Still, he would never share his pain, the emptiness, wanting to make sure everything was good with you and your family.
He was such a proud man, and after his wife passed, with his health failing, he didn’t want anyone to feel sympathy. He stopped all public appearances, fearing he would fall down, and leaving that as a lasting memory.
He could have stayed as the Dodgers’ broadcaster as long as he wanted, but he left still atop of his game after the 2016 season, not wanting anyone to think his brilliance was slipping.
The Dodgers asked him to come out to the Sandy Koufax statue unveiling two months ago, but Scully gracefully declined. He told Koufax that he’d be there in spirit, and called Steiner to let him know he’d do a wonderful job as the emcee of the event.
“Outside of my dad,’’ Steiner said, “he was the most important man of my life. I was five years old, listening to that voice on the radio doing Brooklyn Dodger games, and that’s who I wanted to be like.
“We must have had over 1,000 meals together. We talked about everything, not just baseball, but life, movies, theater, politics, but never about the announcing business.’’
My personal favorite story with Scully was about his friendship with Jackie Robinson, and the time they went ice-skating together.
Well, let him tell the story.
“We were pretty good friends, and it’s in the winter time, and the Dodgers asked me to go to Grossinger’s Resort in the Catskill Mountains. I was a kid (24), and I brought my ice skates to skate. Who did I bump into in the parking lot, Jackie and [wife] Rachel. She was like seven months pregnant. Jackie saw me with my skates and said, ‘My gosh, you going to skate? Ok, I’ll go with you.’
“I went with Jack to put on our skates, he’s lacing his skates and he says, ‘Vin, when we get there, I’d like to race you.’ I said, ‘Oh, wow, I didn’t know you skated?’ Jack said, ‘I never put on skates in my life.’
“That’s when I learned that the competitive fire was so entrenched in him. They took a picture of us lined up like we were going to race, but we never did.’’
And, oh, there were those calls:
The Sandy Koufax perfect game.
The ball rolling under Bill Buckner’s legs in the 1986 World Series.
The Kirk Gibson 1988 World Series home run.
But my favorite, and the most historic, was the night he called Henry Aaron’s 715th record-setting home run on national TV.
“A Black man is getting a standing ovation in the Deep South for breaking a record of an all-time baseball idol. What a marvelous moment for baseball. What a marvelous moment for Atlanta and the state of Georgia. What a marvelous moment for the country and the world.’’
It was perfect, just like Vin.
“It was the most IMPORTANT homer, and you can put that in capital letters, that I ever saw,’’ Scully told me. “It was more than just a home run.

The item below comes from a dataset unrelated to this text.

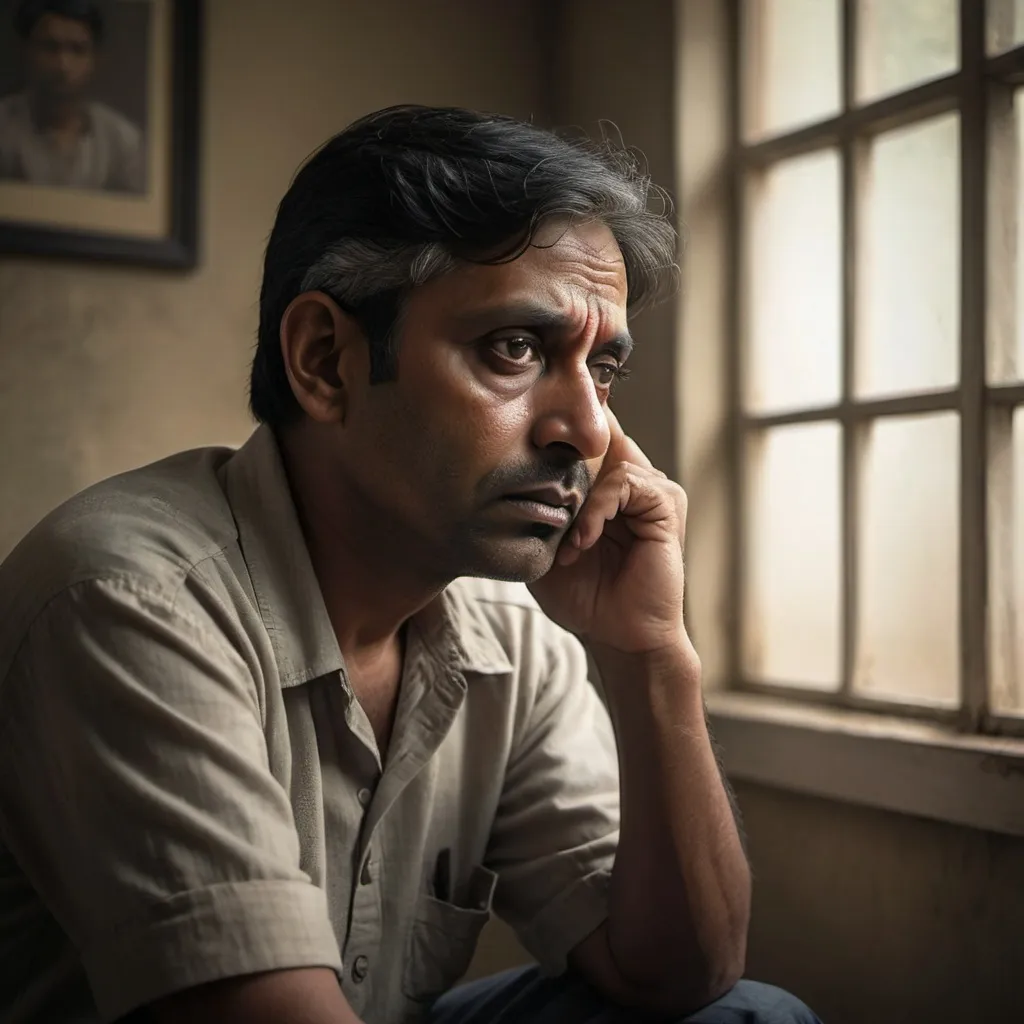 Prompt: sad Indian man of 40 years feeling sad in trauma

More than a game-winning home run. What it did was provide a lift to the whole country.’’
Scully, with a voice like Frank Sinatra, and powerful as Winston Churchill, stood tall to the end.
In the last interview I did with Scully two years ago, he talked about his faith, his life, trying to encourage while picking up the sagging spirits of a nation.

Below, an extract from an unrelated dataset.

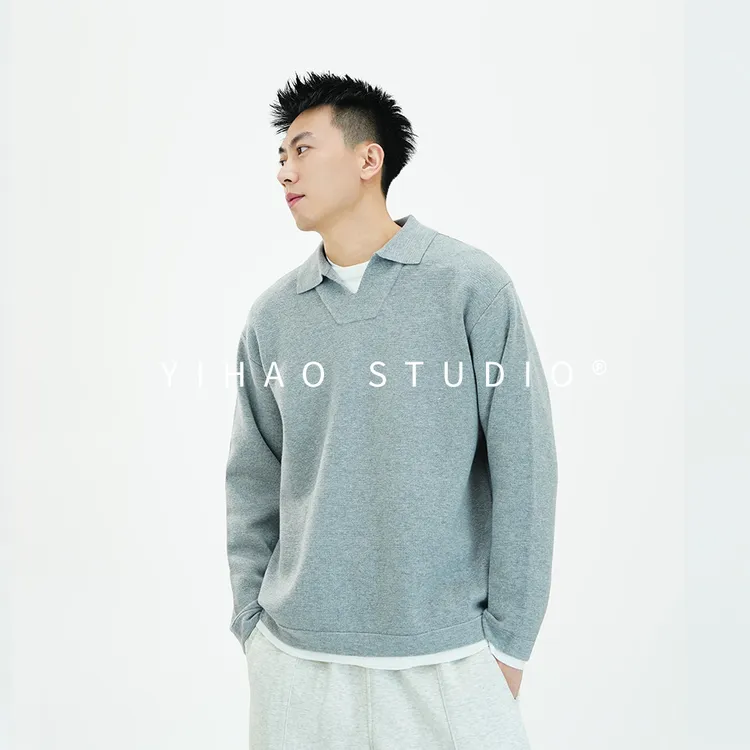 YIHAO STUDIO秋款高级感老钱风时尚海鸥领针织休闲百搭保暖毛衣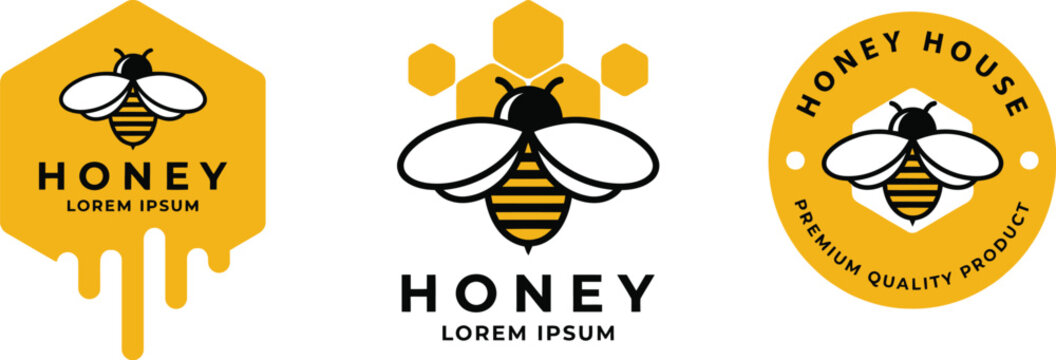 Set of three modern honey bee logos featuring stylized bee illustrations with hexagonal honeycomb elements and honey dripping effects suitable for branding packaging and product labels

“I believe with all of my heart and soul,’’ he said, “this is the greatest country God put on earth. Being great, you have to have problems that are equally great. It’s really hard right now, but I’m just so confident that with the greatness of the country, and the greatness of people, we can take a few knocks and keep on going.
“It’s like baseball. We’ve been knocked down, but like all good hitters, we’re going to get back up, brush ourselves off, and get back to playing ball. This country is too great not to get it done.’’
Vin may be gone, but his voice will never be silenced, his legacy forever cherished.
“He was the love, heart and soul, and consciousness of the Dodgers, and all of baseball,’’ Steiner says. “He’s the best who’s ever done it. He’s the best who will ever do it.
“How lucky are we that he was a part of our lives?’’
Amen.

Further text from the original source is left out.